What is needed is an exact transcription of the listing, with the images removed.
==== Data section ====
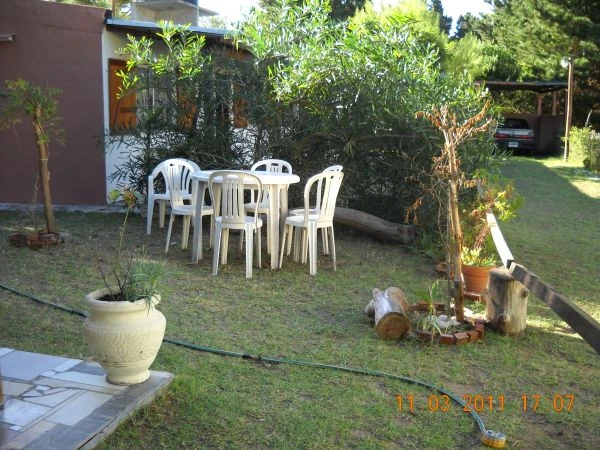 3 Ambientes - Espacio para Auto - A 3 cuadras de la mar - Casa/Chalet en Aguas Verdes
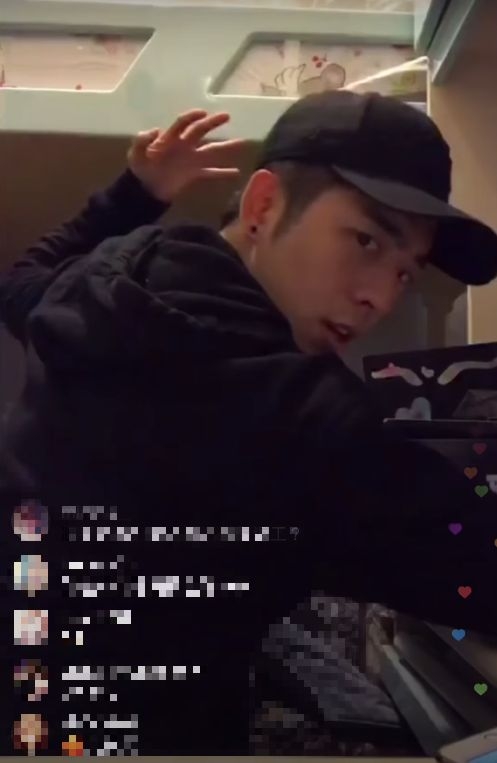 Mirror成員Alton 王智德當然少不了「肌肉就是力量」這句說話,Edan 呂爵安就擺出了健身騷肌超型pose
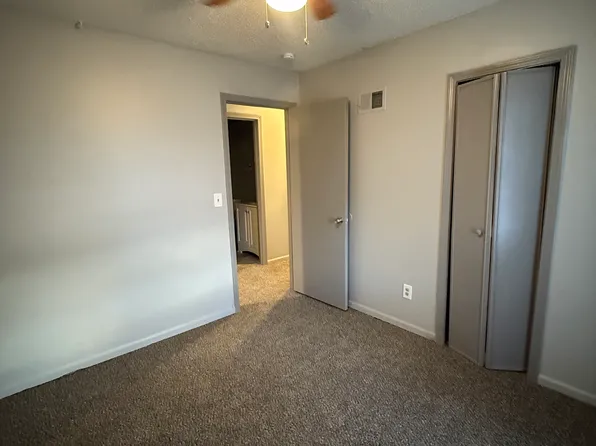 14006 Dunbar Ct, Grandview, MO 64030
====
**Written answer:**
 3 Ambientes - Espacio para Auto - A 3 cuadras de la mar - Casa/Chalet en Aguas Verdes
 Mirror成員Alton 王智德當然少不了「肌肉就是力量」這句說話,Edan 呂爵安就擺出了健身騷肌超型pose
 14006 Dunbar Ct, Grandview, MO 64030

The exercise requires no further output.